Directions:
In the listing below, print exactly the lines between the line holding "2025 Ford F-350" and the line holding "Villetta indipendente in vendita di 345 m²", inclusive, and no more.

Input for this task:
┄┄┄┄┄┄
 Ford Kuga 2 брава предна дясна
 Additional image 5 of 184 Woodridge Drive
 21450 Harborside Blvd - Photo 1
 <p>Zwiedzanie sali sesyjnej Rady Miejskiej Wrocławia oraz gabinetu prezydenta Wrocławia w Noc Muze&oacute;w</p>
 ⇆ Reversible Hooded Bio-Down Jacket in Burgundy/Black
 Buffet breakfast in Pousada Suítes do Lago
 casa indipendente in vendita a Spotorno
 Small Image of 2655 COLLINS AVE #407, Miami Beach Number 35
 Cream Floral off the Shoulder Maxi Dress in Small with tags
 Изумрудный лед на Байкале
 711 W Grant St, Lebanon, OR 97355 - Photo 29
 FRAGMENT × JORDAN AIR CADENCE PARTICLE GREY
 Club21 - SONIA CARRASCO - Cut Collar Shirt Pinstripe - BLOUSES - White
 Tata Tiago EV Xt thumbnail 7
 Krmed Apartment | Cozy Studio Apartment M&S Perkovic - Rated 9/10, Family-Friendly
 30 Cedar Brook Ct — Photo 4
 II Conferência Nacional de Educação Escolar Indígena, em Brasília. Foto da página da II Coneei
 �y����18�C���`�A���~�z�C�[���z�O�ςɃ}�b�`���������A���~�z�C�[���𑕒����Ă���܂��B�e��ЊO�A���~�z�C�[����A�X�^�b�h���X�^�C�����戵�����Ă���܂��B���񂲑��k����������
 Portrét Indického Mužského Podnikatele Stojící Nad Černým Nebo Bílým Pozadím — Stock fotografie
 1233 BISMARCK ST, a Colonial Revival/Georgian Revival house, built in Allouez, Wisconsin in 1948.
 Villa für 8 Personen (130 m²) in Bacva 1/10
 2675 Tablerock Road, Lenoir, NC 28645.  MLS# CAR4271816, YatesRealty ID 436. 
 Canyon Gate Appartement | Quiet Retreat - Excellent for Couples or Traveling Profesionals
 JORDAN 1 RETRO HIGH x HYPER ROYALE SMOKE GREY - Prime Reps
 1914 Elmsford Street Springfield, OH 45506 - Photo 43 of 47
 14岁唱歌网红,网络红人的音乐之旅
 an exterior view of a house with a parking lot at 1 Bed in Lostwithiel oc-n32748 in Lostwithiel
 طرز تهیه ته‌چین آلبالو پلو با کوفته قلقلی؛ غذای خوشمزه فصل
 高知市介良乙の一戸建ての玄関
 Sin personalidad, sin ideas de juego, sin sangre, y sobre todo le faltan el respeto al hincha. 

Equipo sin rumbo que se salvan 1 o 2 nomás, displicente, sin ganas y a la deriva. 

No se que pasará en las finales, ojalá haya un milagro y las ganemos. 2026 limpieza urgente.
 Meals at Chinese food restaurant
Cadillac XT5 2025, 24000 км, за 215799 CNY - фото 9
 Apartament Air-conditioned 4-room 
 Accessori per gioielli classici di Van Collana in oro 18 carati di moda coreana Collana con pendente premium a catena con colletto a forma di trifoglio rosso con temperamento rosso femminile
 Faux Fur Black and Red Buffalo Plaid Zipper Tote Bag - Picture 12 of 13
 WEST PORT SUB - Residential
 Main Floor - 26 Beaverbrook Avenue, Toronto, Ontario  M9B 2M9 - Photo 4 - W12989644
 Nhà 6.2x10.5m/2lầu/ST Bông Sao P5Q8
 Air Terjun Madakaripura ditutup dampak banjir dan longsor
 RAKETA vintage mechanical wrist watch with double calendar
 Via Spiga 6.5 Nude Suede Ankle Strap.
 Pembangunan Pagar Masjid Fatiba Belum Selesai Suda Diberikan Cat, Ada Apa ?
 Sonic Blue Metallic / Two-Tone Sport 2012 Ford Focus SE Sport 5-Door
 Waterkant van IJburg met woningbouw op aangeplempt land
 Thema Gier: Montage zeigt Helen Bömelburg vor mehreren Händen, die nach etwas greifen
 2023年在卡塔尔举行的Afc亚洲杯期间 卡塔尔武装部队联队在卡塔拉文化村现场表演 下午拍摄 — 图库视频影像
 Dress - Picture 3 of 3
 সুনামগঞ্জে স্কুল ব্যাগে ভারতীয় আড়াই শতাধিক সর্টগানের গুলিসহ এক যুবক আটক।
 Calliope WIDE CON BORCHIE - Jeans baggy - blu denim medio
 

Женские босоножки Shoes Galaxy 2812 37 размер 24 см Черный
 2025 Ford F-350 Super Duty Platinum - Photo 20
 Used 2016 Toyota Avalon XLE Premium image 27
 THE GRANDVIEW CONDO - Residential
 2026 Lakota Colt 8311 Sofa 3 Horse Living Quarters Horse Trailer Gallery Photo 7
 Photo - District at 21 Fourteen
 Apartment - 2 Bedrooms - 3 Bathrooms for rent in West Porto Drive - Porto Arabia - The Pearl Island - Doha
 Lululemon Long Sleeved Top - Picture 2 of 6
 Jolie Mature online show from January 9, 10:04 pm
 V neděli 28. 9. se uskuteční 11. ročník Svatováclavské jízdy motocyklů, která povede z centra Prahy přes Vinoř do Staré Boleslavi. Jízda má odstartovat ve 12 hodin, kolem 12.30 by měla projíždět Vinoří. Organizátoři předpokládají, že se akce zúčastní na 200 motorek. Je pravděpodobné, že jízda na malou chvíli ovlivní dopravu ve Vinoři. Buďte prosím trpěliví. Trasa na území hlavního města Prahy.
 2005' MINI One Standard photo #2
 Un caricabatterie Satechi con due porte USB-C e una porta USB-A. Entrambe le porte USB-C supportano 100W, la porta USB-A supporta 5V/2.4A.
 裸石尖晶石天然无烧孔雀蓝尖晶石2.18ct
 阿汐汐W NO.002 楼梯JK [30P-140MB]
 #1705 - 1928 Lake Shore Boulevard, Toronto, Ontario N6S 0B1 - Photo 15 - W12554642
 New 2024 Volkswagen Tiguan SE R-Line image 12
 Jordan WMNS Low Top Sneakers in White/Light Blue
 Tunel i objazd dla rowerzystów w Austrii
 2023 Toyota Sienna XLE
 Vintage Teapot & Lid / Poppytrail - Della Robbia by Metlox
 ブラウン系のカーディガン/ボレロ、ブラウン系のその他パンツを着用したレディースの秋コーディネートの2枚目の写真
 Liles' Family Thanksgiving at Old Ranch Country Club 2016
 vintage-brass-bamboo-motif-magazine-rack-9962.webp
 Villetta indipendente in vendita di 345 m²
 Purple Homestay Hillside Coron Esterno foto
┄┄┄┄┄┄
Exercise output:
 2025 Ford F-350 Super Duty Platinum - Photo 20
 Used 2016 Toyota Avalon XLE Premium image 27
 THE GRANDVIEW CONDO - Residential
 2026 Lakota Colt 8311 Sofa 3 Horse Living Quarters Horse Trailer Gallery Photo 7
 Photo - District at 21 Fourteen
 Apartment - 2 Bedrooms - 3 Bathrooms for rent in West Porto Drive - Porto Arabia - The Pearl Island - Doha
 Lululemon Long Sleeved Top - Picture 2 of 6
 Jolie Mature online show from January 9, 10:04 pm
 V neděli 28. 9. se uskuteční 11. ročník Svatováclavské jízdy motocyklů, která povede z centra Prahy přes Vinoř do Staré Boleslavi. Jízda má odstartovat ve 12 hodin, kolem 12.30 by měla projíždět Vinoří. Organizátoři předpokládají, že se akce zúčastní na 200 motorek. Je pravděpodobné, že jízda na malou chvíli ovlivní dopravu ve Vinoři. Buďte prosím trpěliví. Trasa na území hlavního města Prahy.
 2005' MINI One Standard photo #2
 Un caricabatterie Satechi con due porte USB-C e una porta USB-A. Entrambe le porte USB-C supportano 100W, la porta USB-A supporta 5V/2.4A.
 裸石尖晶石天然无烧孔雀蓝尖晶石2.18ct
 阿汐汐W NO.002 楼梯JK [30P-140MB]
 #1705 - 1928 Lake Shore Boulevard, Toronto, Ontario N6S 0B1 - Photo 15 - W12554642
 New 2024 Volkswagen Tiguan SE R-Line image 12
 Jordan WMNS Low Top Sneakers in White/Light Blue
 Tunel i objazd dla rowerzystów w Austrii
 2023 Toyota Sienna XLE
 Vintage Teapot & Lid / Poppytrail - Della Robbia by Metlox
 ブラウン系のカーディガン/ボレロ、ブラウン系のその他パンツを着用したレディースの秋コーディネートの2枚目の写真
 Liles' Family Thanksgiving at Old Ranch Country Club 2016
 vintage-brass-bamboo-motif-magazine-rack-9962.webp
 Villetta indipendente in vendita di 345 m²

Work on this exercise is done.